Try it ->
Counting every line in the records below that holds "صلاة", give the total and add nothing.

Caption-style text data ->
====================

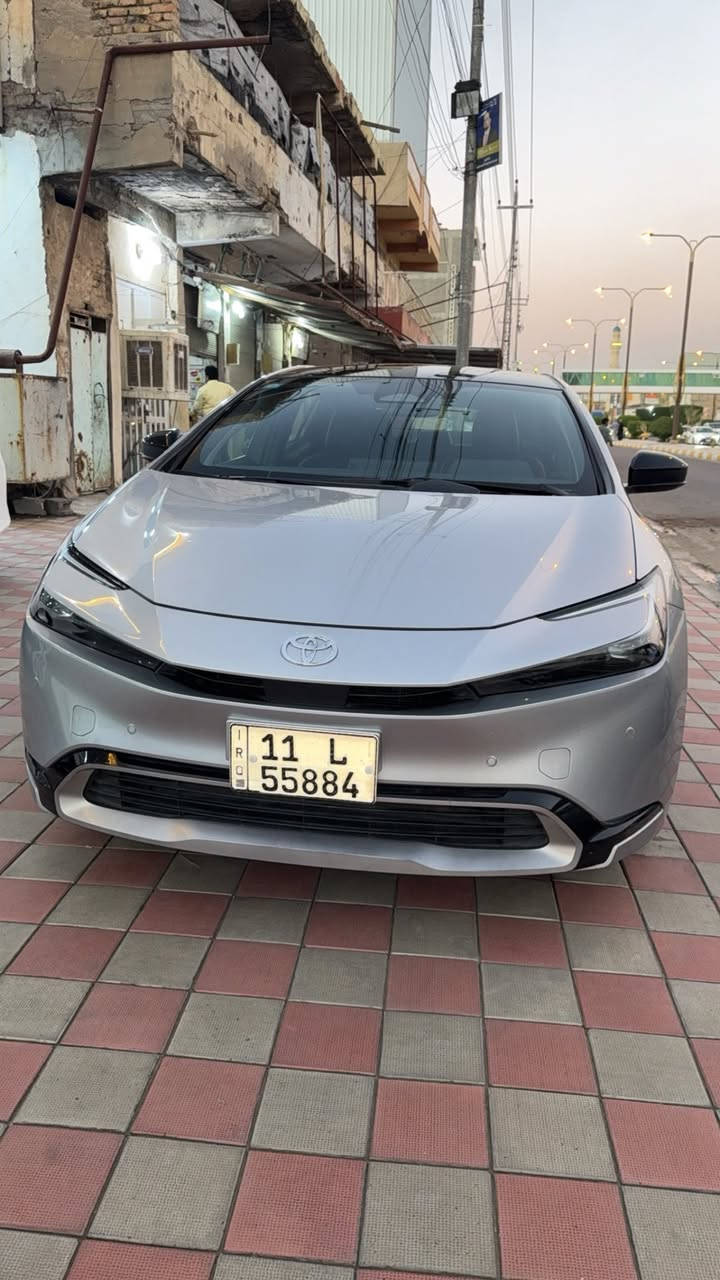 🚗 تويوتا بريوس برايم (Prius Prime) 2024 - فئة XSE للبيع 🚗
السلام عليكم شباب.. للبيع ملكة الاقتصاد والأناقة، تويوتا بريوس برايم موديل 2024، فئة XSE (أعلى مواصفات الفول ). تجي هايبرد وكهرباء وبانزين والسيارة ما شاء الله بحالة الوكالة وجاهزة من كلشي.

المواصفات والتفاصيل:
 الموديل: 2024.
 الماشية: 30 ألف ميل فقط (مشية حشمة ونظيفة).
 الفئة: XSE (سقف أسود بلونين بلادي، ويل حجم كبير المميز، لايتات LED الحديثة، داخلية لونين جلد شاشات ورادارات كاملة، وتحديد مسار).
 الرقم: رقم شبه مميز (55884)

🛠️ حالة السيارة والحادث:
السيارة صلاة على محمد،  نظيفة وما بيها أي نقص. حادثها بسيط جداً ومصلح تصليح درجة أولى (جاملغ خلفي وخشم الجاملغ الثاني)، تصليح ماله أي أثر، والسيارة حرة وجاهزة من كلشي.
💰 السعر المطلوب: 175 ورقة (17,500$) وبيه مجال للشرّاي الجاد 
📍 المكان : الأنبار - الفلوجة.
📞 للاستفسار والتواصل:
 آسيا: ***********
 زين: ***********
(أو المراسلة مباشرة على الخاص)
واني بلخدمه🤍

ملاحظة: السيارة جديدة صلاة على محمد، شغل واطلع لبغداد أو لأي مكان يعجبك وما تصرف عليها دينار واحد. الشراي الجاد يتصل وماراح نقصر وياه بالسعر بالشيء المعقول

====================

Answer to this task ->
2